I notice that the child gurgling is attracting more attention than the paintings, just for a second. Then the patrons go back to viewing the paintings. After the brief bleep of real life passes, art appreciation or faux appreciation, of art or faux art, resumes.
Two other children are with their parents in the exhibition. The goal of these kids is to move as quickly as possible. They are playing a game. Upon entering the new room, they look for the “EXIT” sign. As soon as parents allow, they follow it.
An older woman in a seventies medium brown pant suit severely limps. She steps with one leg and then drags the other one after her. She moves awkwardly along trying to catch up with her husband which she eventually does when he stops in front of a painting.
I am drawn to the work that is the early work. This work shows some artistic ability. The later work, before which people dutifully stand, seems to me not to deserve the stop of attention. It all seems like a case of the emperor’s new clothes.
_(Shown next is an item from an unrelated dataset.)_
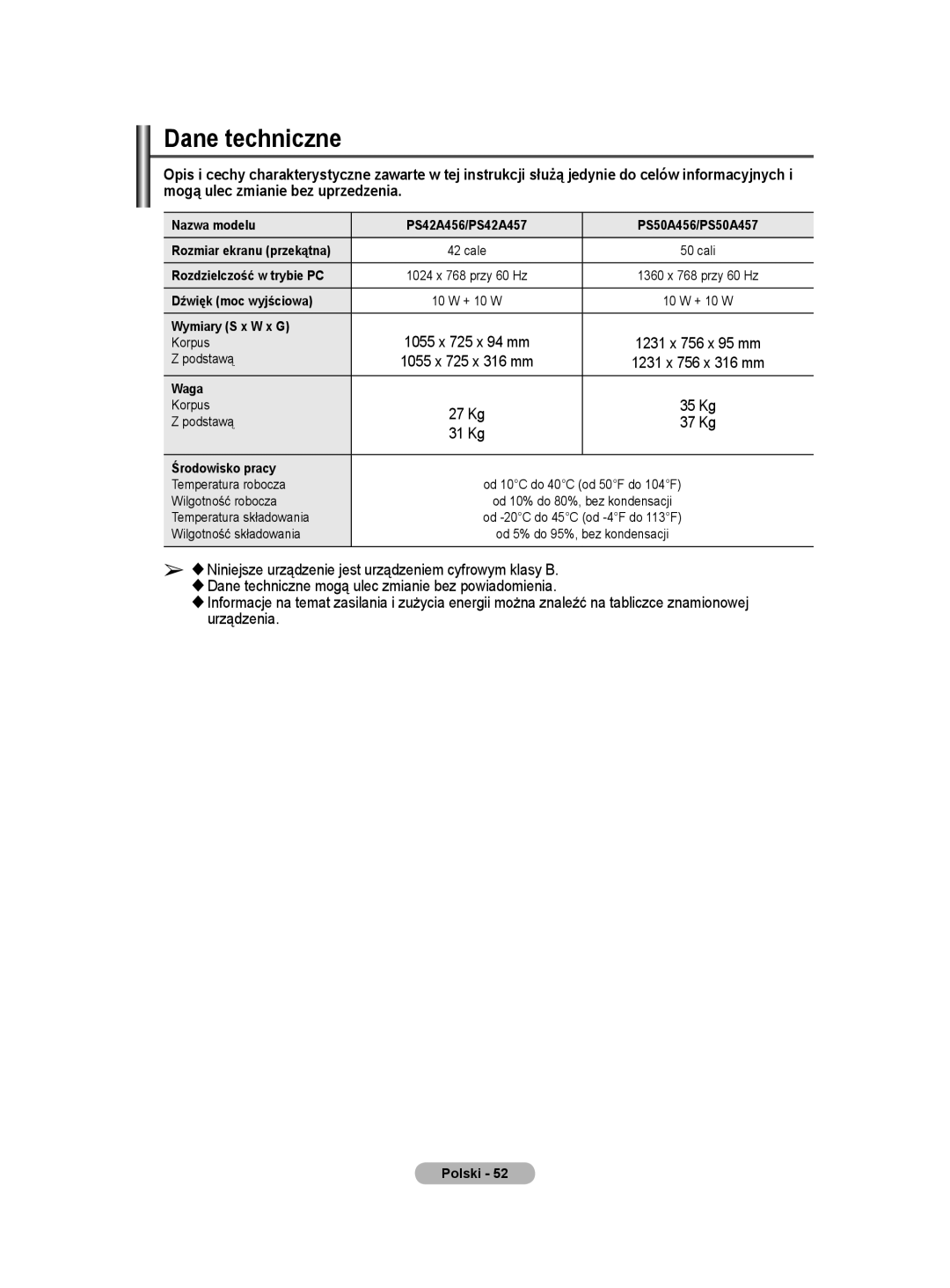 Samsung WMN5090A user manual Dane techniczne 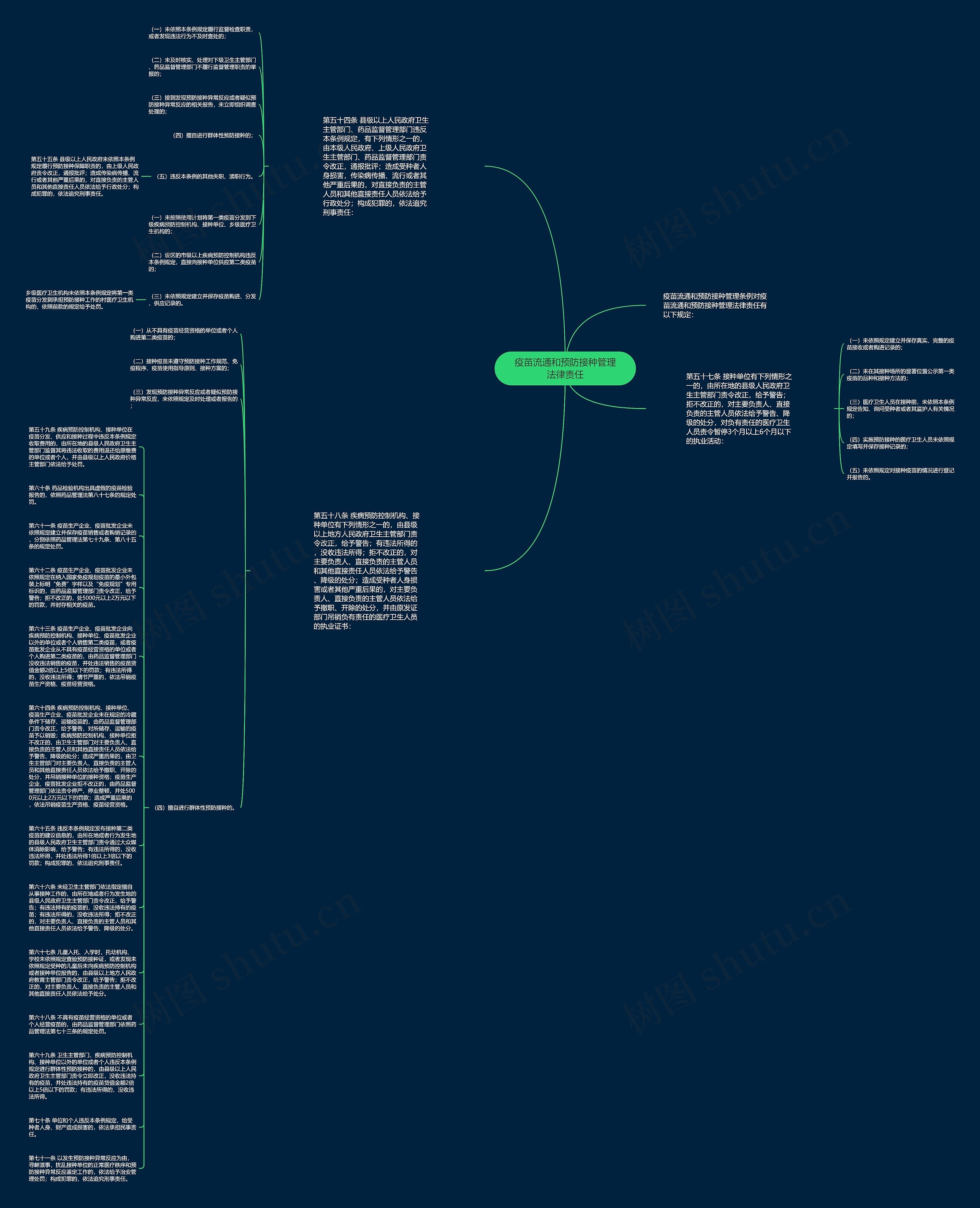 疫苗流通和预防接种管理法律责任思维导图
I find myself at the end of the exhibit and I go backwards to the beginning. I see the exhibit a second time, to be sure of my judgement. I am giving the artist a second chance and I want to remember the few works that I do like. Having done that, I find I can not exit through the gift shop, therefore I go through the exhibit a third time. I stop a third time at the charcoal drawing of a seated woman in a striped dress which is my favorite work.
Upon this last viewing I realize this drawing reminds me of expensive clothing store ads from my childhood. Those days artists drew the objects for sale. They were good drawings.
The artists were not trying to prove anything. They were just making a living. They weren’t even called artists.
In the museum signage, the famous painter’s statement claims not to stop at the beautiful but to go deeper. To me deeper wasn’t deeper, it was just messier. No one else seems to feel this way. They stand reverently at what is presented to them by the esteemed institution.
In the museum rest room, while washing my hands, I peripherally watch a woman in front of the mirror. She keeps looking in the mirror like she is trying to fix something that can’t be fixed. She is looking at time in the mirror but can not see it. This is what she is doing.
Leaving San Francisco going over to Oakland in heavy traffic, I anticipate the change that happens after Treasure Island. The white wideness of the new half of the Bay Bridge is wonderful and uplifting to drive on. People on the side are walking and riding their bikes. It is a good feeling to like the new version more than the old. To be driving on a man made object that makes sense.